My point is they chose the term "biwire" rather than "biamp" more likely than not with intention.
I read the manufacturer documents too but cannot see anywhere it says it’s bi-wire.
HINT: look at the file names for the tuning files, which are clearly posted on the product page.
What is the benefit of using a separate amplifier for each driver then?
That's the point! Basically there isn't any advantage to using two amp channels here. As I keep repeating, the engineers responsible for this loudspeaker have said it's preferable to use one stronger amp channel over two weaker channels. So all of the talk of biamping or whatever is just an irrelevant sideshow.

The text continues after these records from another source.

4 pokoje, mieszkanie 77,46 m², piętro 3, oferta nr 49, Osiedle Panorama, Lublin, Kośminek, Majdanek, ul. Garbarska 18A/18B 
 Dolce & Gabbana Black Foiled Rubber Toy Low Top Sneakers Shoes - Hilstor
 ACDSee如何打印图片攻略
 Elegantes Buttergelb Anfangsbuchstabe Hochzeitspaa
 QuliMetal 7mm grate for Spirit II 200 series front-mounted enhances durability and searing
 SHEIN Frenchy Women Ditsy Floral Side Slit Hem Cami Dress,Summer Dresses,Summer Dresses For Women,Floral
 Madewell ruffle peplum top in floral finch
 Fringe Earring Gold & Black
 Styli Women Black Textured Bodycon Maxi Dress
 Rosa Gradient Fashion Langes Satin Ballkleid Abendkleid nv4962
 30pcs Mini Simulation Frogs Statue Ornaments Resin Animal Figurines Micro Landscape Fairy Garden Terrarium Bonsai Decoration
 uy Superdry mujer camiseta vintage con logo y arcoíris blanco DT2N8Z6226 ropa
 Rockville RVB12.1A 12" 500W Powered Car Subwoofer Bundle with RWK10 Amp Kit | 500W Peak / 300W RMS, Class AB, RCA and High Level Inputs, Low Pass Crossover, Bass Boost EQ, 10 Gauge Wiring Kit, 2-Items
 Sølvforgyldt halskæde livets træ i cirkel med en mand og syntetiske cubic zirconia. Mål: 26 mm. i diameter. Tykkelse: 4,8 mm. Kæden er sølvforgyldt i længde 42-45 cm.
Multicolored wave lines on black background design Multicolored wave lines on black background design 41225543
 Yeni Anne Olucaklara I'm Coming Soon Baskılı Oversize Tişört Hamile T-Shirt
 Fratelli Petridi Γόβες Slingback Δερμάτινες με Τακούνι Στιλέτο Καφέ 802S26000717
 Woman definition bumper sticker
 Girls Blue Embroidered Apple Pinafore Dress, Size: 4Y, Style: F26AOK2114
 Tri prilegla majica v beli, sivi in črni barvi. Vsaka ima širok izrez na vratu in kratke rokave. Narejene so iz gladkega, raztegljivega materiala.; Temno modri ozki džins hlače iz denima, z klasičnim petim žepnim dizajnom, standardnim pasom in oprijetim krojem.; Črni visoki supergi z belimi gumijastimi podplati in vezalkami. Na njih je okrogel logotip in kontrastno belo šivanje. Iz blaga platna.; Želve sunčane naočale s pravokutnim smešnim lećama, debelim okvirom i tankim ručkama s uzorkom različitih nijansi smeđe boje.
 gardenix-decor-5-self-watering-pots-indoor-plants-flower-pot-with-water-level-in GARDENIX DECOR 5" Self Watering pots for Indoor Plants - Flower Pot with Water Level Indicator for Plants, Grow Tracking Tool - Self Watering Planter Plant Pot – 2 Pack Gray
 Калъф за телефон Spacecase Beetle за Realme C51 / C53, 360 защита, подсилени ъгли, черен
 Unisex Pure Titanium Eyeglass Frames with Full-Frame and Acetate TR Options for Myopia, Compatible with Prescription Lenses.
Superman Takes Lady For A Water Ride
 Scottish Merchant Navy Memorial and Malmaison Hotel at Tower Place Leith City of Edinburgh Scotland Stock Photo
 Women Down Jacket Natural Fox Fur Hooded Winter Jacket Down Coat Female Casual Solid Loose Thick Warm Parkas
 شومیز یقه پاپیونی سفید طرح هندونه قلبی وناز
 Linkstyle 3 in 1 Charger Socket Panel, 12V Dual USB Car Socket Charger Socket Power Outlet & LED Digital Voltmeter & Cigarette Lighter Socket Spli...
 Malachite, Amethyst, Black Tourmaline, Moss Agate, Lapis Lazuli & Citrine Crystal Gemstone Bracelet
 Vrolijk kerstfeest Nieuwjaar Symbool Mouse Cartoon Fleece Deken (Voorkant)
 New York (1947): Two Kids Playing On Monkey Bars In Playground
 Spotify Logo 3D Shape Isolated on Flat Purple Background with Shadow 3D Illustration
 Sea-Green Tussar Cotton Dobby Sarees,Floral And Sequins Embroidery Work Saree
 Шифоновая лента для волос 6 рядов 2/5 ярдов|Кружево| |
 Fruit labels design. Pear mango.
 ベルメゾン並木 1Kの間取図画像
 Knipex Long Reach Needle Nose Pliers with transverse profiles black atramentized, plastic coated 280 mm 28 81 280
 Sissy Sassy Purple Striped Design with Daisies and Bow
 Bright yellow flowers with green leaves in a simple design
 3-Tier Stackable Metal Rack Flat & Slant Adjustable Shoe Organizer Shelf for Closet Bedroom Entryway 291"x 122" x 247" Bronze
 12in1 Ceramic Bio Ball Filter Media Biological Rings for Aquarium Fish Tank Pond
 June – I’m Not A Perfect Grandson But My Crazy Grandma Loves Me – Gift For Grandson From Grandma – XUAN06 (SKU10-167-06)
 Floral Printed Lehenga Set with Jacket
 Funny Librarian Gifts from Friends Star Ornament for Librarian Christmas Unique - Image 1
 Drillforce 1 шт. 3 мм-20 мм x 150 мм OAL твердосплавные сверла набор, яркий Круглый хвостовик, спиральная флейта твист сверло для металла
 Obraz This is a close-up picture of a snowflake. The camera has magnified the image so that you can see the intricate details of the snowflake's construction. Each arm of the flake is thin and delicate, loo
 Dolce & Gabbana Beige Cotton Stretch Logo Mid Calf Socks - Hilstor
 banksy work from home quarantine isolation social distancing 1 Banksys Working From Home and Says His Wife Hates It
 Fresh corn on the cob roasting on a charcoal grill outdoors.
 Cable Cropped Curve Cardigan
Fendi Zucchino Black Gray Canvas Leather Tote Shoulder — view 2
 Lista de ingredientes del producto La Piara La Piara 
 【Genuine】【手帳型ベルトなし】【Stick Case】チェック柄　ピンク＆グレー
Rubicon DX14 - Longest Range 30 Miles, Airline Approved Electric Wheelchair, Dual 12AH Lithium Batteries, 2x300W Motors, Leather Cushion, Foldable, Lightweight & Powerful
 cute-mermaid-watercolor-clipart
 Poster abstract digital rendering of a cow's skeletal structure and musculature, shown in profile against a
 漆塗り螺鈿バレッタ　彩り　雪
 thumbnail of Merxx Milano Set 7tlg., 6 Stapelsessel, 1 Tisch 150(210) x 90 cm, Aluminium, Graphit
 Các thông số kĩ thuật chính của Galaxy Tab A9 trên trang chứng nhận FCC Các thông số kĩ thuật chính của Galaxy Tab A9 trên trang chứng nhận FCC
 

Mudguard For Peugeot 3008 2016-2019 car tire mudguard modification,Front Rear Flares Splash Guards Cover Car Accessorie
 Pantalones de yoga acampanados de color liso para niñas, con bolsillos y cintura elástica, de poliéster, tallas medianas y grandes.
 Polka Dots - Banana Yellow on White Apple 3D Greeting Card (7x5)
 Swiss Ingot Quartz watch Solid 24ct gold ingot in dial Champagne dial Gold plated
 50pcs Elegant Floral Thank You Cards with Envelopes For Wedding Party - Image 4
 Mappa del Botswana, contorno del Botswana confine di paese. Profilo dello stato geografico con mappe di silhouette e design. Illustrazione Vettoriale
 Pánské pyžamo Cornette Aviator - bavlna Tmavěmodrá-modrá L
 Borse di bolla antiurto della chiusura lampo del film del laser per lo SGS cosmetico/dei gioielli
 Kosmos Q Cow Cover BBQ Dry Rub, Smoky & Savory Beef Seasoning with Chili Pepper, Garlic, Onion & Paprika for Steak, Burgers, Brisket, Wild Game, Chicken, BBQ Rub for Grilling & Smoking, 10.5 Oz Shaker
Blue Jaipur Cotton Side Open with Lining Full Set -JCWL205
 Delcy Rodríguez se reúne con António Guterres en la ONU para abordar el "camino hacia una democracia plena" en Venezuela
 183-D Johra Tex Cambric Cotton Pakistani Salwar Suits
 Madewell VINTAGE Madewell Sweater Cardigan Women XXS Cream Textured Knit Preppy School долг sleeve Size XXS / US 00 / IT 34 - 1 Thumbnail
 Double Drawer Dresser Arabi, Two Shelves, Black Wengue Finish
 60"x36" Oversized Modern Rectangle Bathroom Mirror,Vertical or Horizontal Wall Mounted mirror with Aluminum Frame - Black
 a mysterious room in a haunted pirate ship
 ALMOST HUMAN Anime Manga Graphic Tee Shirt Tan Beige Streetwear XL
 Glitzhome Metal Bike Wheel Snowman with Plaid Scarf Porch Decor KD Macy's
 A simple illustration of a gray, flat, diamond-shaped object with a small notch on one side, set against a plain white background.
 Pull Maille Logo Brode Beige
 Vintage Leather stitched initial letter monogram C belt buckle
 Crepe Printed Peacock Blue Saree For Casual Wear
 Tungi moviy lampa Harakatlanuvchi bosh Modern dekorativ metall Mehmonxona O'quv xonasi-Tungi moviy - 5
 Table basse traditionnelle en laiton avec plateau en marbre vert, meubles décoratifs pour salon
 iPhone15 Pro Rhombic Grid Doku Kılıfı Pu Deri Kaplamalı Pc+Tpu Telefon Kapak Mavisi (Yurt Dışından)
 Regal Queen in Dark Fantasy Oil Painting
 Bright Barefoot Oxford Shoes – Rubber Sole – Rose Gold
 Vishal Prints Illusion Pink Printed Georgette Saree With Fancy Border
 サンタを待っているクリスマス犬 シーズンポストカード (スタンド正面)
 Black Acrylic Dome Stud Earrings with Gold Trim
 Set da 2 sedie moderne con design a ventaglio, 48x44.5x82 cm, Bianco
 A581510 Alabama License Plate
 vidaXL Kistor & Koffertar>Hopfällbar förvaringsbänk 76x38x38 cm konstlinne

However, so far not a single bit of information or proof was posted that shows information about an active crossover,
Here what actually matters: look at the manufacturer provided spin and compare it in the crossover region to the measured response. It is clear to anyone possessed of the intelligence and knowledge to interpret such graphs that all of the intended filtering, whatever that is, is in place. Moreover, the woofer response is not causing the major noted deviation from the published measurements; the native frequency response of the tweeter is. So instead of bitching and moaning about active whatever, maybe focus on that. Everything else is just a goddamn circle jerk. That kind of thing is of zero interest to me, so I'm out. Cheers.